Conflitto anteriore

La sindrome da conflitto o impingement anteriore della caviglia è caratterizzato da dolore anteriore alla caviglia con o senza ridotto movimento in dorsiflessione del piede. Può essere causato dai tessuti molli, come la capsula articolare o da tessuto cicatriziale, oppure da tessuto osseo.

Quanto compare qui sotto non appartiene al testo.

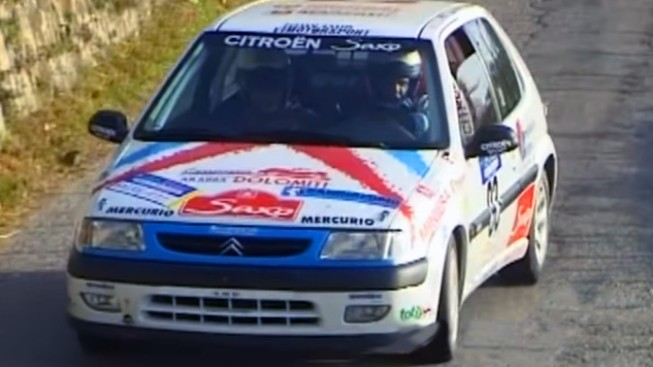 Stefano De Mattia / Alessandro Nicolai - Rally Internazionale Prealpi Trevigiane 2000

Il conflitto causato dai tessuti molli si manifesta frequentemente nel compartimento anterolaterale della caviglia, mentre il conflitto causato da osteofiti ossei è generalmente localizzato nel compartimento anteromediale.

Questa patologia si può sviluppare a seguito di sollecitazioni ripetute sulla capsula anteriore da continue flessioni plantari che portano a depositi calcifici, o da ripetute dorsiflessioni che portano a lesioni subcondrali (danni all’osso) dell’astragalo (osso della caviglia) con formazione di osteofiti. Si può manifestare anche nelle caviglie cronicamente instabili oppure a seguito di traumi/fratture.

LA DIAGNOSI

Sebbene la diagnosi si basi principalmente sulla valutazione clinica, l’imaging è utile per la diagnosi differenziale e la pianificazione preoperatoria. Le radiografie standard sono sufficienti per fare la diagnosi nelle forme ossee. La TC può essere utilizzata per valutare con precisione l’estensione e le dimensioni di un osteofita osseo. La risonanza magnetica è utile per valutare le lesioni dei tessuti molli ed escludere patologie concomitanti, come lesioni osteocondrali o fratture da stress. Il trattamento conservativo è il trattamento di prima linea.

IL TRATTAMENTO

Nei casi in cui il trattamento conservativo non abbia avuto successo, può essere indicato un intervento chirurgico. Il debridement artroscopico è considerato il gold standard per il trattamento di questa sindrome.

Il protocollo riabilitativo comprende un carico carico parziale per le prime due settimane postoperatorie con esercizi per stimolare la flessione dorsiflessione-plantare attiva ed evitare la rigidità, seguito da un carico completo graduale.